24. That statement of the law needs no additional gloss."
Whether or not the Commission has jurisdiction in a particular matter is a conclusion which is to be formed at the ordinary level of persuasion, not at any heightened level of certainty: Unuafe v Commissioner of Police [2015] NSWIRComm 1007 at [11].
[4]
Grounds relied on by the APA
As the Motion itself makes clear, the primary contention by the APA is that the Commission does not have power to make the variation sought in the Ministry Application. This is said to be the case for two reasons:
1. the variation would be inconsistent with cl 6(1)(d) of the Industrial Relations (Public Sector Conditions of Employment) Regulation 2014 (NSW) ("Regulation"); and
2. the variation would be inconsistent with the no extra claims commitment contained in cl 46 of the Award.

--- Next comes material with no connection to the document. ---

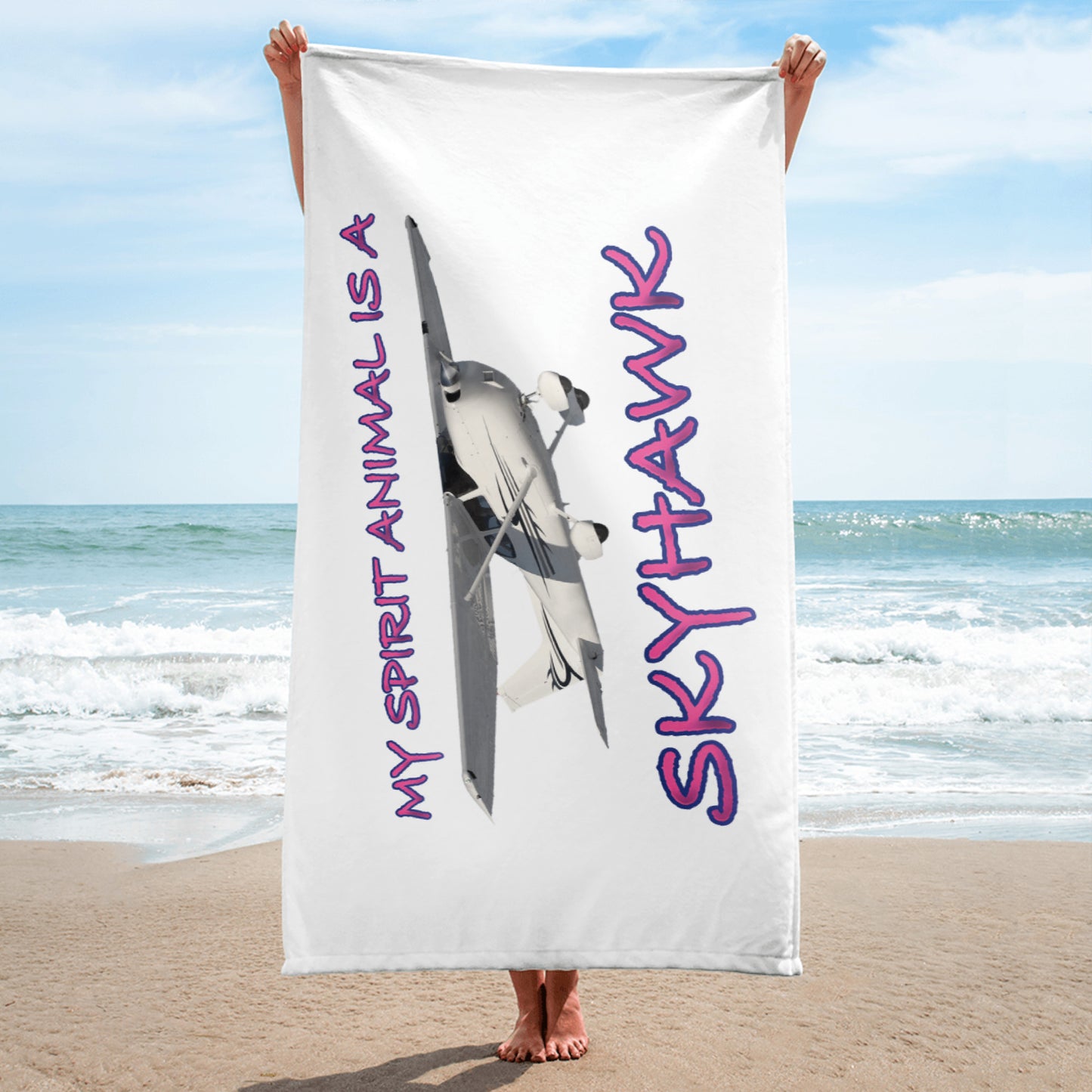 My Spirit Animal is a Skyhawk beach towel (pink)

I will deal with each of these arguments in turn.
[5]
Operation of Regulation
The Ministry Application is made under s 17 of the Act. That section is in these terms:
17 Variation or rescission of award
(1) The Commission may vary or rescind an award.
(2) Sections 11, 13 and 15 apply to any such variation or rescission. The other provisions of this Division continue to apply to the award as varied.
(3) An award may be varied or rescinded in any of the following circumstances only:
(a) at any time with the mutual consent of all the parties to the making of the original award,
(b) at any time to give effect to a decision of the Full Bench of the Commission under section 50 or 51 (National and State decisions),
(c) during its nominal term if the Commission considers that it is not contrary to the public interest to do so and that there is a substantial reason to do so,
(d) after its nominal term if the Commission considers that it is not contrary to the public interest to do so.
(4) This section extends to a variation or rescission of an award in the course of an arbitration by the Commission under Chapter 3 to resolve an industrial dispute.
Section 146C of the Act relevantly provides as follows:
146C Commission to give effect to certain aspects of government policy on public sector employment
(1) The Commission must, when making or varying any award or order, give effect to any policy on conditions of employment of public sector employees:
(a) that is declared by the regulations to be an aspect of government policy that is required to be given effect to by the Commission, and
(b) that applies to the matter to which the award or order relates.
…
(7) This section has effect despite section 10 or 146 or any other provision of this or any other Act.
The matters set out in the Regulation are declared, for the purposes of section 146C of the Act, to be aspects of government policy that are to be given effect to by the Commission when making or varying awards or orders: cl 4 of the Regulation.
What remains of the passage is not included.